Sonder

We should all take a moment to stop and thank John Koenig for writing The Dictionary of Obscure Sorrows, for in this book rests the word ‘sonder’.

The noun ‘sonder’ is a realisation of the richness of other’s lives. Or as the book states: ‘the realisation that each random passerby is living a life as vivid and complex as your own, populated with their own ambitions, friends, routines, worries and inherited craziness – an epic story that continues invisibly around you’.

This meaning of sonder has yet to be accepted by the OED, which settles for the more mundane definition: ‘to probe’.

Even Koenig’s definition would benefit from being lifted out of its context of obscure sorrows. Why sorrow? Is there not something beautiful and unique in the realisation that every person is a mystery, full of mysteries, mysterious.

This means that every moment of connection with another carries with it a charge of wonder and beauty.
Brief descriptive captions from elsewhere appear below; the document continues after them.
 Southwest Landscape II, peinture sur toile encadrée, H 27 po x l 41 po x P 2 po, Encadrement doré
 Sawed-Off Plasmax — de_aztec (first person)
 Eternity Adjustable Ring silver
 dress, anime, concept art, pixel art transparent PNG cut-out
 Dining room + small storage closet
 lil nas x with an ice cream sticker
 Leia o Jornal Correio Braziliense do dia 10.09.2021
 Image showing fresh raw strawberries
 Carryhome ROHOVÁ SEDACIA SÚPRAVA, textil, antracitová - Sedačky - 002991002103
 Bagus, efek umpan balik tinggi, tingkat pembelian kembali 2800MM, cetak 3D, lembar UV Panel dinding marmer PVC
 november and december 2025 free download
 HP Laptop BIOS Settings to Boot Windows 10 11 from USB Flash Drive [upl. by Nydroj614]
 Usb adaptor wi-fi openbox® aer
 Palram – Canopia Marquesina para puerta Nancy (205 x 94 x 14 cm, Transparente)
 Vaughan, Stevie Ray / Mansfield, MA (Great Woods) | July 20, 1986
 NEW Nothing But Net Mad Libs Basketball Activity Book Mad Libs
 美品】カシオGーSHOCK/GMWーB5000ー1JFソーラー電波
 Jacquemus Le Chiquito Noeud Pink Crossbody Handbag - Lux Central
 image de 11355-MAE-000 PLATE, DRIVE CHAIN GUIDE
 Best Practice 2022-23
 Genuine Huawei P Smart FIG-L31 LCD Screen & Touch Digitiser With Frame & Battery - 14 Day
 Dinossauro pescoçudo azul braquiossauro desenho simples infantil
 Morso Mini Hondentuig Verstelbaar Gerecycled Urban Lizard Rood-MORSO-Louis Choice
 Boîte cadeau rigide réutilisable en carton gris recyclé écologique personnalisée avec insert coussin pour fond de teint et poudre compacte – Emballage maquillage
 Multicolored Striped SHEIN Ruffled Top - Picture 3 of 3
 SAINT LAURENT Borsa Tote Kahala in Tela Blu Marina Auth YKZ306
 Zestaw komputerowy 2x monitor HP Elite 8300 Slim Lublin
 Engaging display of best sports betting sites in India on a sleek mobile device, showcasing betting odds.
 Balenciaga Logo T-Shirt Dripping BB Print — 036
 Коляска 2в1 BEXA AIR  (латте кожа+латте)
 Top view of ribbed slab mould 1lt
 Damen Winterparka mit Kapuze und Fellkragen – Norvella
How is that two complex individuals find a point of contact amidst all the inherited craziness?

We should embrace one another’s internal diversity as much as we honour external differences such as skin colour and religious dress.

I remember an anecdote I was once told about a man arriving at a train station at peak time. There were people everywhere but instead of becoming agitated and frustrated, the man took a breath and saw not an overcrowded train station but a ballroom where everyone was not jostling for a train but instead moving to a private dance that continued invisibly around him. Each life as rich and varied as his own, he watched on in wonder.

This is why sonder is not a sorrow. If you have ever been to a rug shop in Asia, it is clear that you do not need an intimate understanding of rugmaking to see the beauty and splendour of the rugs before you. The same is true of the fresco in the Sistine Chapel. And the same is true of humans.

I may not know the story of their life (how they were made), but I can see that they are complex and full of wonder and beauty. I may never know them enough of course to experience this directly, but I can by subjectively acknowledging the mystery of my own being, know that this must also exist beyond me also.

When we realise this, we then realise that every moment of life is filled with wonder. Sonder allows us to see. And what is better than that? I thank you, John Koenig.